The introduction gives the reader an insight into how she got into making documentaries and I’m not going to lie I definitely looked up Blood, Sweat and Tshirts, which was the first documentary she took part in at the tender age of 19. She was one of six consumers sent to India to work in sweatshops on clothing destined for the UK high street. It was this series that propelled Stacey into a career in front of the camera.
Each chapter of the book talks about a specific documentary, so it’s a bit like getting a bit of background info into the making of them, but what Stacey really focuses on is the strength and courage that the women she encounters have shown in the face of complete and utter despair and experiences that I can’t even begin to comprehend. From Maria, who walked 60 miles from Mexico across the border to America hoping to earn decent enough money to send back to her family so that they might have a better chance at life than she did. To Heydi from Hondurus, whose husband cut off her legs with a machete after years of violence.
While the content of Stacey’s book is often difficult to read about, the way in which it’s written was fairly easy and actually I finished it in a matter of hours (just spread over a few days). But it felt very much like I was just listening to Stacey speak. Her tone and her manner came across perfectly and it almost felt like it hadn’t been edited as it was just so completely Stacey. I have no doubt that she sat down and wrote all of those words, no one else did that for her. If I had to pick one criticism for the way it is written, it’s that each chapter is dedicated to a woman or women she met while making a particular documentary, but I felt a little bit like she didn’t really focus on that woman as much as I thought she might. Often there were other women in the chapter/documentary or even men, but I think in order to do the story justice then it wasn’t enough to focus too intently on only one woman when so many others were important to it too. If it had gone more in depth then the 290 page book would have doubled in size and for the emotional weight of the topics that might have been too much. I’ll let you make your own mind up about that one.
As I’ve said, Stacey is not shy of offering her opinion, and this book is no exception. She touches on politics and exactly what she thinks about President Trump. I won’t spoil that one for you, but I’m sure you can imagine. You also understand why she continues to put herself in these crazy situations; she’s been in the middle of a war zone twice (telling her mum she was going to Turkey when she was really in Iraq really reminds you that she’s human too). She says that a lot of what is happening all over the world is not reported on in the UK and she wants to raise awareness of all the injustices and violence she’s encountered in her career.

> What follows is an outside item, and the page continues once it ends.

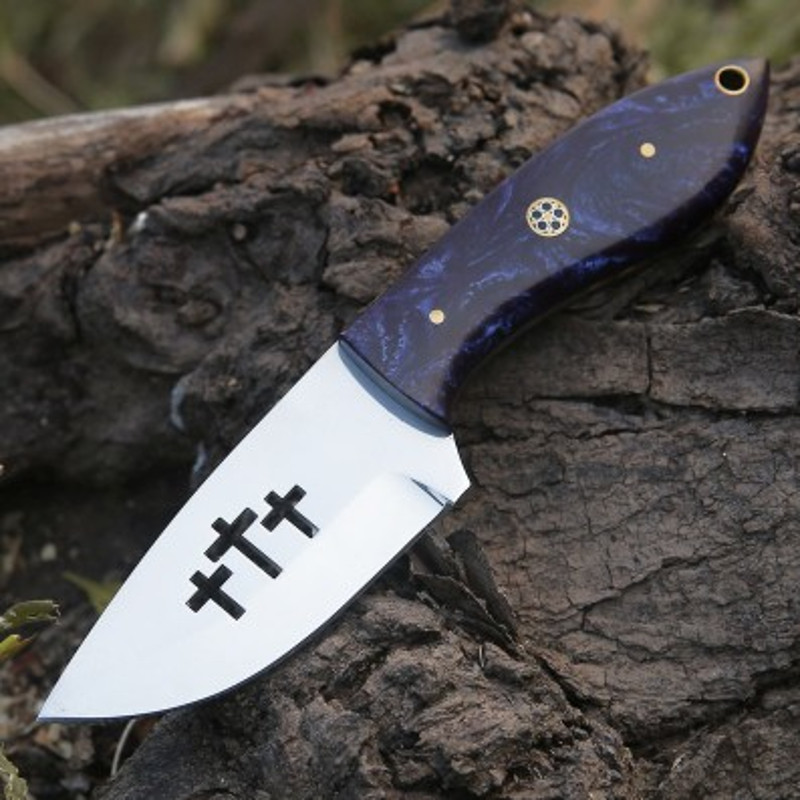 Handmade D2 Steel Skinner Knife 2 Pec Lot Off Knife Resin Handle With Leather Sheathe Gift For USA Fathers Day Gift 1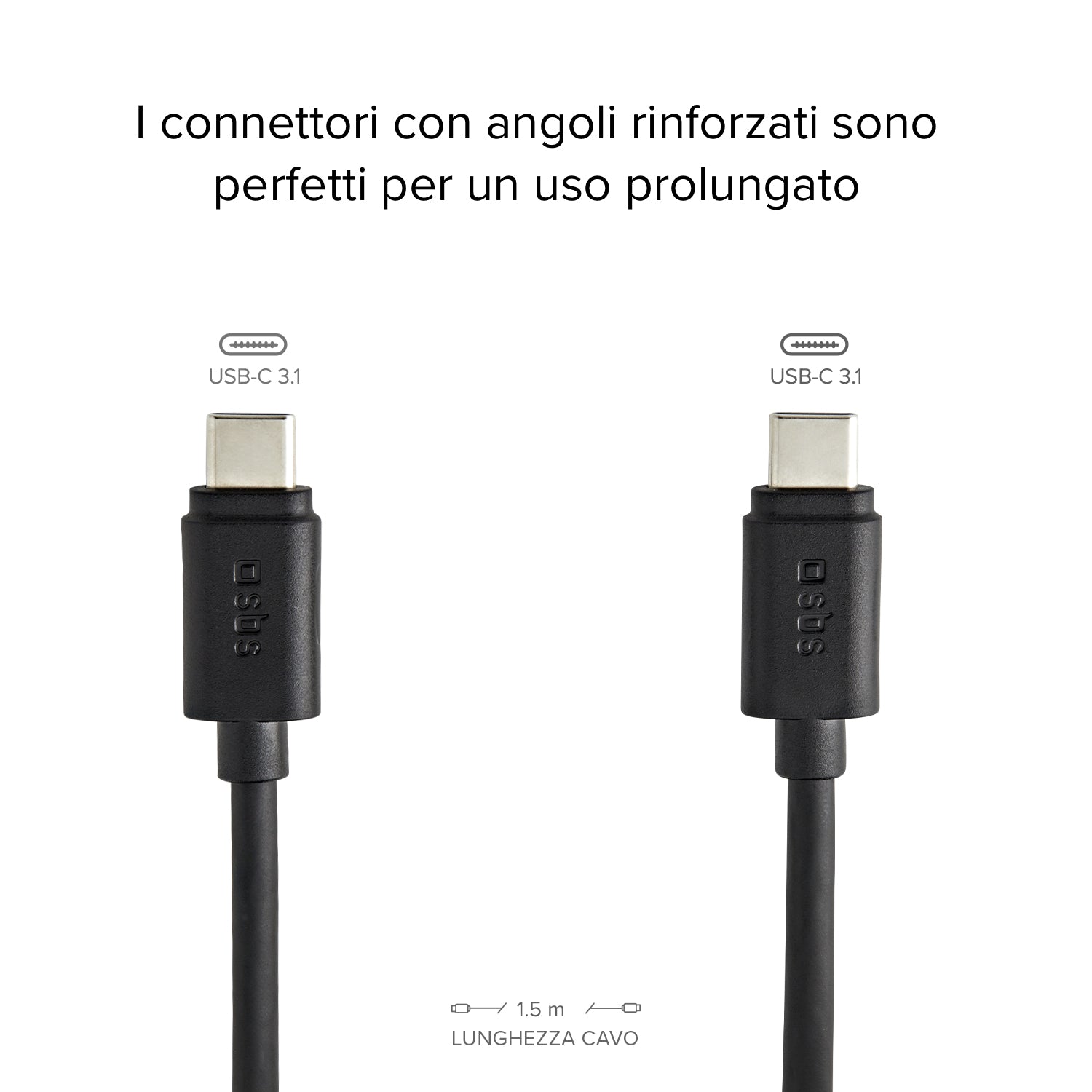 Cable de datos y carga con conectores Tipo C 3.1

Stacey comes across as humble and down to earth. It’s one of the reasons she’s done so well in her documentaries, I think. People warm to her and open up. They’re grateful that this woman is telling their stories and that, to her, is the most important thing.
I was a fan of her before I read the book, I even watched Strictly Come Dancing for the first time in years because she was on it, so I knew I’d like it. And I wasn’t wrong. If you’re a Stacey fan or even if you just enjoyed her documentaries then I’d highly recommend reading it. And if you’re not familiar with her, then it’s about time you were. Use this book as your introduction. She’s an incredible woman putting herself on the frontline to help other incredible women. How could you not support that?